National Organic Program.
Administered by the United States Department of Agriculture (USDA), the National Organic Program ensures the integrity of products labeled as "organic" through the implementation of a regulatory framework that includes stringent standards applicable to crops, agricultural products, and food. Only those crops or products meeting the standards of the program may be labelled as organic. In order to sell, label, or represent a product as organic, agricultural producers and processors must follow the specifications set out by USDA organic production regulations.
Washington State Department of Agriculture Organic Program.
Washington State Department of Agriculture's (Department) Organic Program is accredited as an organic certification agent by the USDA. As a certification agent of the National Organic Program, the WSDA Organic Program's role is to inspect and certify organic operations, verifying that they are meeting all of the requirements of USDA organic standards.
Summary of Bill:
Washington State Department of Agriculture Marijuana Product Certification Program.
The act creates a voluntary marijuana production/processing standard and certification program within the Department applicable to producers and processors endeavoring to meet the organic product standards established by the USDA's National Organic Program. Although federal law has been interpreted as barring the use of the term "organic" in the marketing and labeling of marijuana products, the intent of the state program is to create production and processing standards applicable to the marketing of marijuana products that otherwise meet the federal standards.

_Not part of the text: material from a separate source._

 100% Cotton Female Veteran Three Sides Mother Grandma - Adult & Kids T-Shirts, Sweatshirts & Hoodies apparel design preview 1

No marijuana or marijuana product may be marketed as meeting these standards unless covered by a Department-issued certification. And, even if the federal and state standards are met, the use of the "term" organic may not be used.
Rule Making Authority.
The program must be consistent with the Department's existing organic certification program and gives the Department rule-making authority to establish:
production and processing standards for marijuana that are consistent with the National Organic Program's standards;
a program to certify marijuana producers and processors that meet the standards;
a fee schedule that provides revenues sufficient to fully fund the program and make it self-sustaining; and
other rules as necessary.
Inspection and Enforcement.
The Department is granted inspection and enforcement authority with respect to those LCB licensees who opt to participate in the certification program. If a Department-certified LCB licensee is found to be in violation of the certification standards, the Department may suspend or revoke the certification and impose a fine. The fine may not exceed the total of estimated enforcement costs plus $1,000. In addition, the LCB may also take action against, and impose sanctions upon, a marijuana producer, marijuana processor, or marijuana retailer for ongoing violations of the Department's program regulations.
Information about marijuana producers, marijuana processors, and marijuana retailers otherwise exempt from public inspection and copying under the Public Disclosure Act is also exempt from public inspection and copying if submitted to or used by the Department.
Use of Program Fees.
All fees collected under this chapter must be deposited in an account within the Agricultural Local Fund. The revenue from such fees must be used solely for carrying out the provisions of this chapter, and no appropriation is required for disbursement from the fund.
Fiscal Note: Available.
Effective Date: The bill takes effect 90 days after adjournment of the session in which the bill is passed.